About this task —
Each line from the one containing "this 1288×947 image." to the end of the listing below must be retyped exactly, with no line left out and none added.

Data under study —

►

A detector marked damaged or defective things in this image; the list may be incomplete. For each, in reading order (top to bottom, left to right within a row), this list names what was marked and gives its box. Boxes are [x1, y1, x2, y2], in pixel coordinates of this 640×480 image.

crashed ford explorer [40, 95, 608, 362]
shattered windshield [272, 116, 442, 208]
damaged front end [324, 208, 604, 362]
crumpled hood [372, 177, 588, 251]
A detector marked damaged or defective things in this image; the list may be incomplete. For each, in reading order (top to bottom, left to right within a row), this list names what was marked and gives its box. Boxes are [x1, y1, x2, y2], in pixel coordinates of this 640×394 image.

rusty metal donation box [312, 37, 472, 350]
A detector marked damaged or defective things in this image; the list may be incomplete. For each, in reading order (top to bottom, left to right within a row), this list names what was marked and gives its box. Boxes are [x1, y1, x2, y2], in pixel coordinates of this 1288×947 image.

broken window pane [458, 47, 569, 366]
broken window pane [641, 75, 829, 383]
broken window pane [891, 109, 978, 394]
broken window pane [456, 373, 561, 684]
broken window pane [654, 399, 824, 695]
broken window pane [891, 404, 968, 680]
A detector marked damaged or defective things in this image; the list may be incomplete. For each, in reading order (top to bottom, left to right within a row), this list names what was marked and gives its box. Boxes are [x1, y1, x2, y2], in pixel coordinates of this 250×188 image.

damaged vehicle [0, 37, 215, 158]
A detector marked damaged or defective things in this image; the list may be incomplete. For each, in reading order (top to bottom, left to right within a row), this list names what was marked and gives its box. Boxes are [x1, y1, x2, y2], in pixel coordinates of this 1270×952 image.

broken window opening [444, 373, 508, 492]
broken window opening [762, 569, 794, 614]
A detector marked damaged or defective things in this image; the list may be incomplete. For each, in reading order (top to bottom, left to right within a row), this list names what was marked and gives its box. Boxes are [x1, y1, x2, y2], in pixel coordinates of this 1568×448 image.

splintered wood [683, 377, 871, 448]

◄

Response —
A detector marked damaged or defective things in this image; the list may be incomplete. For each, in reading order (top to bottom, left to right within a row), this list names what was marked and gives its box. Boxes are [x1, y1, x2, y2], in pixel coordinates of this 1288×947 image.

broken window pane [458, 47, 569, 366]
broken window pane [641, 75, 829, 383]
broken window pane [891, 109, 978, 394]
broken window pane [456, 373, 561, 684]
broken window pane [654, 399, 824, 695]
broken window pane [891, 404, 968, 680]
A detector marked damaged or defective things in this image; the list may be incomplete. For each, in reading order (top to bottom, left to right within a row), this list names what was marked and gives its box. Boxes are [x1, y1, x2, y2], in pixel coordinates of this 250×188 image.

damaged vehicle [0, 37, 215, 158]
A detector marked damaged or defective things in this image; the list may be incomplete. For each, in reading order (top to bottom, left to right within a row), this list names what was marked and gives its box. Boxes are [x1, y1, x2, y2], in pixel coordinates of this 1270×952 image.

broken window opening [444, 373, 508, 492]
broken window opening [762, 569, 794, 614]
A detector marked damaged or defective things in this image; the list may be incomplete. For each, in reading order (top to bottom, left to right within a row), this list names what was marked and gives its box. Boxes are [x1, y1, x2, y2], in pixel coordinates of this 1568×448 image.

splintered wood [683, 377, 871, 448]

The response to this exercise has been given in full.